* [Exercise brief] Each line from the beginning of the entries below through the line that includes "6 Diamanten 0" must be returned exactly as given.

Records from a data source

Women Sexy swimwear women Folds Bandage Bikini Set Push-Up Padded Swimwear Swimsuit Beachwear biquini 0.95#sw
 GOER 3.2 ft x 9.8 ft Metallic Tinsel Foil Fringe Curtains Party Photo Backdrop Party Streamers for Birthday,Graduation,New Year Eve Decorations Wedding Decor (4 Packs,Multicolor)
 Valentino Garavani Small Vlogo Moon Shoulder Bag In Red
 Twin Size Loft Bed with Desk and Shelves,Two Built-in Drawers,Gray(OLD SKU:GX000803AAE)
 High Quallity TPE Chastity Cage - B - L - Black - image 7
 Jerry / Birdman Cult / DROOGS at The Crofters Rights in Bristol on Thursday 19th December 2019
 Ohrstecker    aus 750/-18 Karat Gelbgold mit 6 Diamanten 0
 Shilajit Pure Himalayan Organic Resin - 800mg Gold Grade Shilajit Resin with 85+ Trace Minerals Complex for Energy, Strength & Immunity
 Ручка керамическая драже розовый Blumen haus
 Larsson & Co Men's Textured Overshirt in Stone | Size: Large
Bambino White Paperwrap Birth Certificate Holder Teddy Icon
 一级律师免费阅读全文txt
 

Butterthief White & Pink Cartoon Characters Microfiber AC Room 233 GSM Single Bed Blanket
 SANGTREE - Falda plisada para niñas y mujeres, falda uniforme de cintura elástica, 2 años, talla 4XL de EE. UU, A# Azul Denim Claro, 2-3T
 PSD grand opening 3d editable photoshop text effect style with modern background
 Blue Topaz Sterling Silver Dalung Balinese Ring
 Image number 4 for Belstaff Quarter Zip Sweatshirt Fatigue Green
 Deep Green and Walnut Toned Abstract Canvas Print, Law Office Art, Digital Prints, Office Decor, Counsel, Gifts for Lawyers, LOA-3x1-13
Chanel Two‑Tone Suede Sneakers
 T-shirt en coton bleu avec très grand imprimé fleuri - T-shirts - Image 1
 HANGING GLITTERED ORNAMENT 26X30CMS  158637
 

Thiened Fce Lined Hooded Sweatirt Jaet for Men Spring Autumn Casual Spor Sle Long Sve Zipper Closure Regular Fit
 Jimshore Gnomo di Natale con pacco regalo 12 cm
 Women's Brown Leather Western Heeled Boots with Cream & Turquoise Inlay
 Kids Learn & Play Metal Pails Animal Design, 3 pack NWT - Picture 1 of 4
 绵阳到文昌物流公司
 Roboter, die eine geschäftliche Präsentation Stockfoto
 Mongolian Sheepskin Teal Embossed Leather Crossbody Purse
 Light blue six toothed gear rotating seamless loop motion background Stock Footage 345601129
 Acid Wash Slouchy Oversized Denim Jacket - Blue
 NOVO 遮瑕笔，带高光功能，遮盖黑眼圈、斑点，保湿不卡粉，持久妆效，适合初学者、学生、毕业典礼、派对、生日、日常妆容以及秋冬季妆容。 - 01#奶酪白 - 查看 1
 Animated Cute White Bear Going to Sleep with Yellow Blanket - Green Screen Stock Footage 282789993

* [Solution]
Women Sexy swimwear women Folds Bandage Bikini Set Push-Up Padded Swimwear Swimsuit Beachwear biquini 0.95#sw
 GOER 3.2 ft x 9.8 ft Metallic Tinsel Foil Fringe Curtains Party Photo Backdrop Party Streamers for Birthday,Graduation,New Year Eve Decorations Wedding Decor (4 Packs,Multicolor)
 Valentino Garavani Small Vlogo Moon Shoulder Bag In Red
 Twin Size Loft Bed with Desk and Shelves,Two Built-in Drawers,Gray(OLD SKU:GX000803AAE)
 High Quallity TPE Chastity Cage - B - L - Black - image 7
 Jerry / Birdman Cult / DROOGS at The Crofters Rights in Bristol on Thursday 19th December 2019
 Ohrstecker    aus 750/-18 Karat Gelbgold mit 6 Diamanten 0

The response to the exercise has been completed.